Goal of the exercise: The string "Hotel" appears in some lines of the data. Report how many, with no other words.

Data in this exercise:
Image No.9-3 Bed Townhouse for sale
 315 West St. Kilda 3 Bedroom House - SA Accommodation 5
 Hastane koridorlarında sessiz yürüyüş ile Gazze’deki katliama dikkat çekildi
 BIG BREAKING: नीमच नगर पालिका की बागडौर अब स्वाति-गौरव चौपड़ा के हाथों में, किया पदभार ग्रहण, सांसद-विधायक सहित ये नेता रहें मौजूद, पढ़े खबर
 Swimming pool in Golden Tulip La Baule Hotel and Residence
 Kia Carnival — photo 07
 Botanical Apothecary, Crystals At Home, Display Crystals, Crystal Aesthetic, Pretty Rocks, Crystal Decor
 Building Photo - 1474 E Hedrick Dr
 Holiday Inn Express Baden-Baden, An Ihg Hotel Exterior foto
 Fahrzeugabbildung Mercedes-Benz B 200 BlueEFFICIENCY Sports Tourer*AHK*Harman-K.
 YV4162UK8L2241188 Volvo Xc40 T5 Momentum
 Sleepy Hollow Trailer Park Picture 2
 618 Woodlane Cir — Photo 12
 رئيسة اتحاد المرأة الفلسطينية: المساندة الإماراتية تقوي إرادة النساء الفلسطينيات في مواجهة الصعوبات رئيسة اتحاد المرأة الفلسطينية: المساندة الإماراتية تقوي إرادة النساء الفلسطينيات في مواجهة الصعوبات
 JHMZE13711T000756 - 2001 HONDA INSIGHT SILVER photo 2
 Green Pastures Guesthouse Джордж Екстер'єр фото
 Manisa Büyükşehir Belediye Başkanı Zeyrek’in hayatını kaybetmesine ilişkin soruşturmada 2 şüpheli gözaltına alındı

Response area: 2